The Strad's experts evaluate the latest string recordings
Walton: Cello Concerto, Passacaglia for solo cello. Bloch: Suite no.1 for solo cello. Ligeti: Sonata for solo cello. Britten: Ciaccona from Cello Suite no.2
Wednesday, 01 July 2009
THE STRAD RECOMMENDS
Pieter Wispelwey (cello) Sydney Symphony Orchestra/Jeffrey Tate
Walton, Bloch, Ligeti, Britten
The main pieces on this disc are linked by date rather than genre, all being products of the 1950s.
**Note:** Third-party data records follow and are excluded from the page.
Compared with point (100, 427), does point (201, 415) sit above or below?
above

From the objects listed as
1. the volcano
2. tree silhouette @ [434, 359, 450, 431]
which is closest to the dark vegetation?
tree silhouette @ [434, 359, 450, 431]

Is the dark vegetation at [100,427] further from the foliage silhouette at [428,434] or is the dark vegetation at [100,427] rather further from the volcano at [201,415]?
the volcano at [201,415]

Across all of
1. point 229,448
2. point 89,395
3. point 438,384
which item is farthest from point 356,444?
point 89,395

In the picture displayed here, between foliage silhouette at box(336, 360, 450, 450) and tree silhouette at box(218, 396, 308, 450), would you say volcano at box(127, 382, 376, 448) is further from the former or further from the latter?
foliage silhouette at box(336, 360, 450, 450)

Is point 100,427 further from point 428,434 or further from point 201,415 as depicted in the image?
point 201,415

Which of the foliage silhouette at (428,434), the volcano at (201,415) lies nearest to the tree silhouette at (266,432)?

Pieter Wispelwey writes evocatively in the booklet of recording the Walton concerto live in Sydney Opera House – ‘no patching sessions, every note played with some 2,000 people present’. It’s a ravishing performance. Sydney, he writes, seemed like a metropolitan version of Walton’s Ischia, and the searing tone of the 1760 Guadagnini he plays brilliantly conveys the vivid colours and shimmering heat. The cello’s first-movement entry is lyrical and flowing, with singing double-stopping passages. The instrument’s gutty lower strings bite expressively in the spiky scherzo and the two solo cadenzas of the theme-and-variations finale enter a new and private sound world more akin to the Bloch that follows, so that the full orchestral crash comes as a particularly brutal shock.
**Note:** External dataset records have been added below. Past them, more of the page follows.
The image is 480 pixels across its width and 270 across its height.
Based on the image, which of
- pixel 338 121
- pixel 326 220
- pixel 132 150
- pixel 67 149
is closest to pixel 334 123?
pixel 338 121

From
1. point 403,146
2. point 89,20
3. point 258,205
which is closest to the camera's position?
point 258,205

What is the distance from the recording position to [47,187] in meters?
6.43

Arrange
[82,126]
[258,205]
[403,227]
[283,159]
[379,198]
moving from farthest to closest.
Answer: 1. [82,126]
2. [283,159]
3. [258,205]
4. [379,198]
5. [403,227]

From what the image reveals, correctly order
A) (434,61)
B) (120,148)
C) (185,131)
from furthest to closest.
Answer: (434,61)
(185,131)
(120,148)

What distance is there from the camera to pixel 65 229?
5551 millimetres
Rather pleasingly, the last three notes of the solo line, relaxing down onto a long low C, are taken up in reverse at the beginning of Bloch’s Bach-inspired Suite, played on the 1698 ‘Magg’ Stradivari on which Wispelwey performs the remainder of the disc. More muted in its lower registers, the Strad’s sound nevertheless shines brightly in the high tessitura passages, and the Canzona is poignantly haunting, as Wispelwey plays to the slight reverberence in the recording acoustic, letting the sound of each phrase die away.
Ligeti’s solo sonata of 1948/53 is a clear forerunner of Britten’s more celebrated unaccompanied works, with the distinctive timbre of its low double-stops, manic Presto and glissando pizzicato chords making it all addictive listening.